In this pilot experimental study, COXAR-HS™ was associated with higher diastolic blood pressure and coronary perfusion pressure with lower need of vasopressors after ROSC without significant differences prior to ROSC. The higher P_jvO₂ and S_jvO₂ suggest enhanced O₂ provision to the brain mitochondria, while limb compression by the HS counteracts the vasodilatory effect of the CO₂. Further studies are needed to explore and validate the COXAR-HS™ effects on actual post-ROSC brain functionality.

Introduction

The physiological analysis of the cascade of brain survival outlined in Part A led us to develop a new modality aimed at addressing some of the suboptimal elements of the current AHA protocol of CPR. This modality consists of ventilation with a novel gas mixture of 30% O₂, 5% CO₂ and 65% Argon together with prompt application of the Auto-transfusion Tourniquets (A-TT®; HemaShock®) on the swine legs soon after the onset of VF. We use the phrase COXAR-HS™ for this combined modality. The rationale for using COXAR-HS™ to treat cardiac arrest is as follows:

• a.Ventilation with elevated F_ICO₂ induces cerebral and global vasodilation AND shifts to the right the O₂-Hgb dissociation curve with higher O₂ delivery to the tissue per ml of blood flowing through the tissue (Bohr Effect).1, 2, 3
• b.Use of A-TT™ counteracts the dilation effect of CO₂ on the peripheral blood vessels of the legs so that the vasodilation is focused to the circulation of the brain and the core organs. The use of A-TT™ also increases venous return to the heart, prevents “wasting” of the CPR cardiac output on perfusion of the legs, increases cerebral blood flow and increases peripheral resistance thereby elevating diastolic blood pressure and coronary perfusion pressure.4, 5, 6, 7
• c.Ventilation with F_IO₂ that is only mildly elevated (30%) to maintain S_aO₂ > 90% without elevating P_aO₂ to extreme and potentially toxic levels.8, 9, 10, 11
• d.Ventilation with 65% Argon counteracts the effects of the oxygen free radicals on the brain tissues starting upon the onset of care. In another study, 70% Argon was shown to improve neurological outcome in pigs.¹² In that study, Argon was started only after ROSC was achieved, while during CPR 100% O₂ was used.
• e.Minimize the use of vasoactive drugs – epinephrine − during CPR and norepinephrine after ROSC. Both drugs constrict blood vessels in the whole body, including the cerebral circulation.13, 14

In this context, the goal of the present study is to compare the potential beneficial effects of the bundled therapy combining limb constriction and ventilation with a gas mixture containing Argon, CO₂ and O₂ vs standard cardiopulmonary resuscitation in a swine model of cardiac arrest. We evaluated ROSC occurrence, hemodynamics, gas exchanges and cerebral oxygen delivery and consumption.

Methods

General

This investigation was approved by the Ecole Nationale Vétérinaire d’Alfort (France) ethical review board, in compliance with national and European regulations regarding animal use for research.

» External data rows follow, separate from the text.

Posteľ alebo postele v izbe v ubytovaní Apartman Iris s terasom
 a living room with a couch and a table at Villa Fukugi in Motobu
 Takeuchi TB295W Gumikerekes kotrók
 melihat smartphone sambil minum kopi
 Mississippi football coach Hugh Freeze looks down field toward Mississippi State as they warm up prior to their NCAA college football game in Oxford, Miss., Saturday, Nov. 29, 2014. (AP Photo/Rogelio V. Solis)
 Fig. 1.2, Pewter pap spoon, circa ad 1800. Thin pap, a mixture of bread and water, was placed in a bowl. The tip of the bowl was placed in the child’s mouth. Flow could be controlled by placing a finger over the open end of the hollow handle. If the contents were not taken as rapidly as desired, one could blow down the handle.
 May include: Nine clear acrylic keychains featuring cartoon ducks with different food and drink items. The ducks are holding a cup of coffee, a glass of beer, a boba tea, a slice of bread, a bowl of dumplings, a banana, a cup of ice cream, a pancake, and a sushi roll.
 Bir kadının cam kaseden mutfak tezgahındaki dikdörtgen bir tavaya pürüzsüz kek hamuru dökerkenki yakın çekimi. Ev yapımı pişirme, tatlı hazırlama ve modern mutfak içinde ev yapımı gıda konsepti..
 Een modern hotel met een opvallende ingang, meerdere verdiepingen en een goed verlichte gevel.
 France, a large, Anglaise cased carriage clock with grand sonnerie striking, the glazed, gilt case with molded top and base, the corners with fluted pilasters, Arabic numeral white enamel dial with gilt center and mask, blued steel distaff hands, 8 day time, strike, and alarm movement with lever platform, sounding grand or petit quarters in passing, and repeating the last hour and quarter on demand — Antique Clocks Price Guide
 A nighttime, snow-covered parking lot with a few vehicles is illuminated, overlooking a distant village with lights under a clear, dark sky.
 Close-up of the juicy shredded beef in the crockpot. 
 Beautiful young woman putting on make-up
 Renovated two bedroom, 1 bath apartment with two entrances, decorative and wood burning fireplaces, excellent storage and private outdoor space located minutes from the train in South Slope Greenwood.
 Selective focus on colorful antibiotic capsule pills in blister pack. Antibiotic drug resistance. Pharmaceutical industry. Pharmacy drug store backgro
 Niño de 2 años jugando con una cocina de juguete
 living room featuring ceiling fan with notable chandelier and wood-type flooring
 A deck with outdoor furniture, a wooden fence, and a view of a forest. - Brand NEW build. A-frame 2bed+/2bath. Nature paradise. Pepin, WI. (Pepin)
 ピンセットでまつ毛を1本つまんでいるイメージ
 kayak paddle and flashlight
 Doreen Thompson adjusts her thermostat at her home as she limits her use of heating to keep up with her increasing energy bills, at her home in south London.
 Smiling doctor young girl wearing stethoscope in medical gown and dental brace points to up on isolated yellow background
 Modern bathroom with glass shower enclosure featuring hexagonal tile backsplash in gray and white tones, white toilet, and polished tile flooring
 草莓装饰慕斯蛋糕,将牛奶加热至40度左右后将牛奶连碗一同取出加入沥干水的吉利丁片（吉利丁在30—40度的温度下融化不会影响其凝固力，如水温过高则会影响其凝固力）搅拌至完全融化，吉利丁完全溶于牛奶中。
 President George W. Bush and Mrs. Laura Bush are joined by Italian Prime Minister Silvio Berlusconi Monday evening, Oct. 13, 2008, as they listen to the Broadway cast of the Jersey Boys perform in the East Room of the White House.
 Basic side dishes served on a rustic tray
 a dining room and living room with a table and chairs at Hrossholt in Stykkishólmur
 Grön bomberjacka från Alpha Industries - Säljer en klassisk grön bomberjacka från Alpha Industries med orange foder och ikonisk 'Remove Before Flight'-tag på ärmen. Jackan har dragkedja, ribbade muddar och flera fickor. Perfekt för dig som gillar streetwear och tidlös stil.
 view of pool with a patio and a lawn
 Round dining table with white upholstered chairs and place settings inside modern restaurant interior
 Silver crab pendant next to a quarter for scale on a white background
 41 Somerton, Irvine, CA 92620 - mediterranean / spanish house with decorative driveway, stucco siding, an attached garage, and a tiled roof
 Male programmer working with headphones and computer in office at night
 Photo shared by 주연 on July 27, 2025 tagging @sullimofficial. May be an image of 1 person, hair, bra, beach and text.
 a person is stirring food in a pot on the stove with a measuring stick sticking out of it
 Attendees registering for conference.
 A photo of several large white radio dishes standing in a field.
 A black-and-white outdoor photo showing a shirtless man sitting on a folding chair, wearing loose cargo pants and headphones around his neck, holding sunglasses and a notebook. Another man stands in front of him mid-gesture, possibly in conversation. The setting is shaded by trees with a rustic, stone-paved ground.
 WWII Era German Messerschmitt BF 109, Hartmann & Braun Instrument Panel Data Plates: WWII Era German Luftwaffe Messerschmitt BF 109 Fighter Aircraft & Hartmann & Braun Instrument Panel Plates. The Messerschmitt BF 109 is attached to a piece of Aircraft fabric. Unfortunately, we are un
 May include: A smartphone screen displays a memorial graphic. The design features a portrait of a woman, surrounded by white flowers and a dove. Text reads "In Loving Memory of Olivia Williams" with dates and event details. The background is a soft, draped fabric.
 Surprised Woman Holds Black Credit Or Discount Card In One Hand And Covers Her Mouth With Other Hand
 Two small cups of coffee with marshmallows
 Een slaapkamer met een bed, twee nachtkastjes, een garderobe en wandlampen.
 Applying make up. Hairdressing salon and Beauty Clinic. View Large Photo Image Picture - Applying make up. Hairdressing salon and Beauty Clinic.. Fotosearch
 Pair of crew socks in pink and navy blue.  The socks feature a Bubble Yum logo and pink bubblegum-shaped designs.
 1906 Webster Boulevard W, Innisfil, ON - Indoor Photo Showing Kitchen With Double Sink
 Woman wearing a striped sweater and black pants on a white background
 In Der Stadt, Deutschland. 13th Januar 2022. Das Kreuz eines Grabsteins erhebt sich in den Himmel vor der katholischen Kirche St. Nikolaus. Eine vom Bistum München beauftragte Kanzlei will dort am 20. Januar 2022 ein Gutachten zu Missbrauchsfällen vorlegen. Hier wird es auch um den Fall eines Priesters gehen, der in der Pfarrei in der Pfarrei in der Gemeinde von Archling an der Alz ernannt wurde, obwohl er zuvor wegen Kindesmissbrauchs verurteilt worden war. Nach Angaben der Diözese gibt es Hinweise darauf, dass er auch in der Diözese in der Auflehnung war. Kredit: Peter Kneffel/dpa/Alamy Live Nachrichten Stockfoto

Animal preparation and surgical instrumentation

Domestic swine (35 kg) from a single source who underwent similar pre-study husbandry and health evaluation were anesthetized with zolazepam (10 mg/kg IM) and tiletamine (10 mg/kg IM; Zoletil©). Methadone (0.75 mg/kg IM; Confortan©) was also administered for analgesia. A catheter was then inserted in an ear vein in order to induce anesthesia with propofol (5 mg/kg IV; Propovet©). After endotracheal intubation, anesthesia was further maintained with propofol (10 mg/kg/h IV). Artificial mechanical ventilation was undertaken (tidal volume = 6 ml/kg; positive end-expiratory pressure = 5 cmH₂O; respiratory rate = 20 ± 5 breaths/minute with aim to keep P_aCO₂ at 40 ± 4 mmHg; Monnal T60® respirator, Air Liquide, France).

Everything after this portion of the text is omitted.